WorkSTEPS was established in 1986 to help industry employers reduce workplace injuries that lead to crippling workers compensation claims. Today, it is the leading functional employment testing company, providing an array of occupational health and employment services.
What Are Functional Employment Tests?
Functional employment tests are a medically-safe, legally-compliant, scientific and objective way of matching a prospective employee’s physical abilities to the physical demands of the job they are applying for.
Functional employment tests have become popular tools that employers use to reduce harmful situations in the workplace that can lead injuries and workers compensation claims. These tests can range from short “lift” tests to longer tests that check cardiovascular fitness, strength, and position tolerance.
WorkSTEPS knows that people are the greatest asset of a company. If an injury can be prevented through any method of safety training and testing, it is ideal that employers consider it for the well-being of their employees and company.
How Functional Employment Tests Can Benefit Companies
Several studies have shown the benefits of pre-employment testing. By better understanding a prospective employees ability to handle demanding job responsibilities, a company can make better hiring decisions, as well as avoid – to a certain degree – expensive workers compensation costs.
Benefits of functional employment tests include:
- Lowered risk of workplace injury
- Injury-related costs go down
- Improvement in employee retention
- Reduction in lost time at work
- Can lower workers compensation costs substantially
These tests are valuable in predicting or preventing on-the-job injuries. Additionally, cost reductions in workers’ comp are related to a reduction in the severity of injuries.
How Does Pre-Employment/Post-Offer Testing Work & Help to Decrease Injuries?
Each job has its special functions and physical demands that are essential to completing the tasks required. Now you can determine if a prospective hiree can meet these duties beforehand with WorkSTEPS post-offer, pre-employment testing.
We have a highly trained and certified network of over 1,400 healthcare professionals nationwide that administer quality and consistent functional employment tests.

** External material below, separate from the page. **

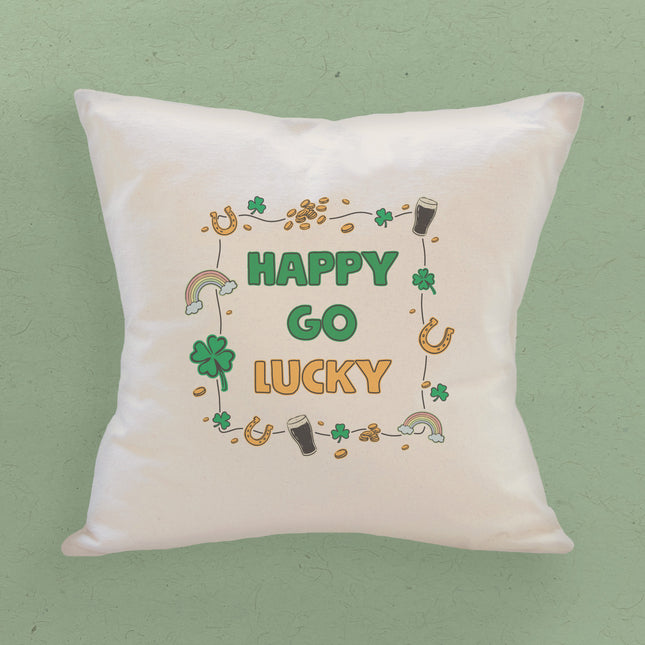 Happy Go Lucky - Square Canvas Pillow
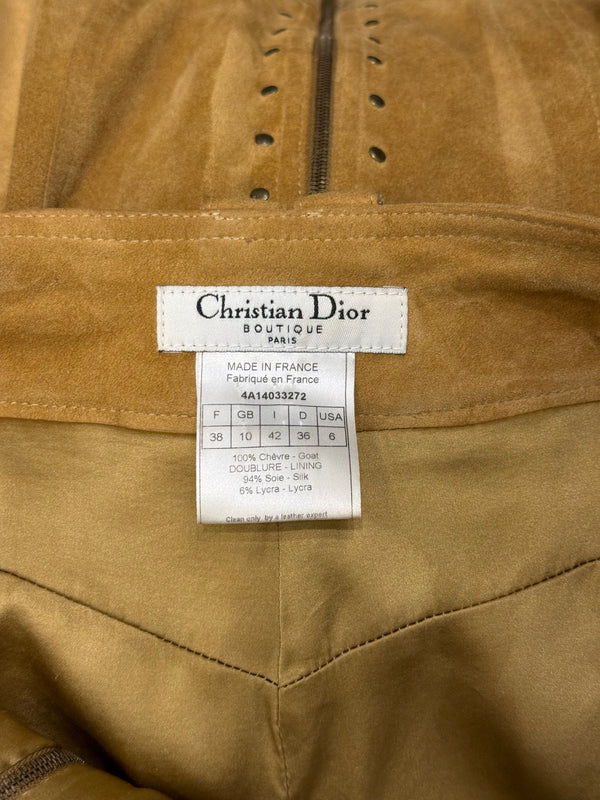 2000s Christian Dior by Galliano sueade zipper skirt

WorkSTEPS helps to create assessment protocols based on the job descriptions provided to us by a given client. Employers may utilize our Job Task Analysis for a curated assessment that meets the unique demands of the position they are hiring for.
While you know the physical demands of the job and make them clear, it is just as important to know that your new hire can perform said tasks with ease while avoiding injuries that lead to workers compensation claims and other issues. Through functional employment tests, companies can feel much more confident in making an informed hiring decision.

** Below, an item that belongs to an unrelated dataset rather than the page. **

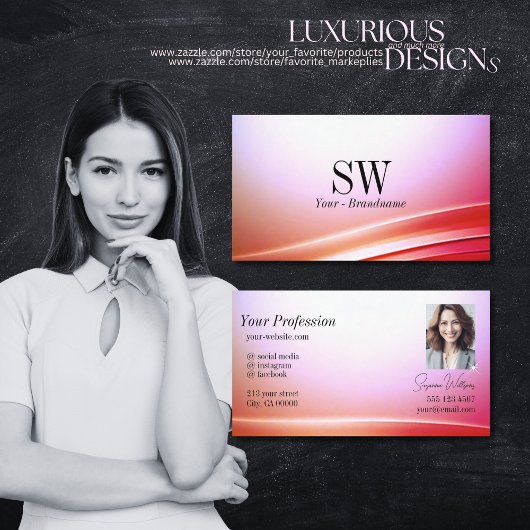 Lovely Pink Lilac Curved Deco Monogramm und Foto Visitenkarte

What Are Return To Work Fit For Duty Exams?
Aside from WorkSTEPS functional employment assessments, our organization also offers other occupational health services. If an employee is dealing with an injury, illness, surgery, or other health issues that may or may not be related to a workplace injury, you will want to make sure they have fully recovered before they are allowed to resume their work duties.
A WorkSTEPS “Return to Work Fit for Duty” assessment will test your employee’s physical capacity to perform work tasks efficiently without the risk of further injury. This test can also determine whether rehabilitation is necessary before the employee can safely return to work.
Employers that use this assessment for returning workers will experience a decrease in workers accident rates and workers compensation claims. There is also a reduced risk of disrupting production that can occur when a skilled worker is unable to perform at their previous level as healing is still necessary.
Workplace Injury Statistics and Costs You Should Know
The latest data provided by the U.S. Bureau of Labor Statistics (BLS) and the National Academy of Social Insurance reveals that workplace injuries and accidents generally cause an employee to miss six or more days at work, ultimately costing employers about $62 billion each year.
That means each week, employers are losing an estimated $1.19 billion because of lost work time. The top 10 leading causes of the most harm-inducing workplace injuries account for 82.5 percent of that total, or $51 billion of the $62 billion.
The following are the 10 most common causes of injuries leading to workers compensation claims, the total percentage of claims, and the total annual cost in compensation they account for:
- Overexertion involving an outside source: 24.4%, $15.08 billion.
- Same-level falls: 16.4%, $10.17 billion.
- Lower-level falls: 8.7%, $5.40 billion.
- Struck by an object (including equipment): 8.6%, $5.31 billion.
- Other exertions or bodily reactions: 6.7%, $4.15 billion.
- Roadway accidents with a land vehicle: 4.8%, $2.96 billion.
- Slip and trip: 3.8%, $2.35 billion.
- Compressed by objects/ equipment: 3.2%, $1.97 billion.
- Struck by object/equipment: 3.0%, $1.85 billion.
- Repetitive motions with micro-tasks: 2.9%, $1.82 billion.
These costs vary depending on how long the employee actually takes to file their injury. Sometimes a worker will not initially file, but as pain progresses, they may decide to make a claim. A claim can rise by 51 percent if filed after the first two weeks.
Ultimately, what these statistics highlight is the importance of not only workplace safety but the value of functional employment testing. How many of these incidents could have been avoided had quality employment testing been conducted early on to ensure that the employee was more than capable of physically handling their responsibilities?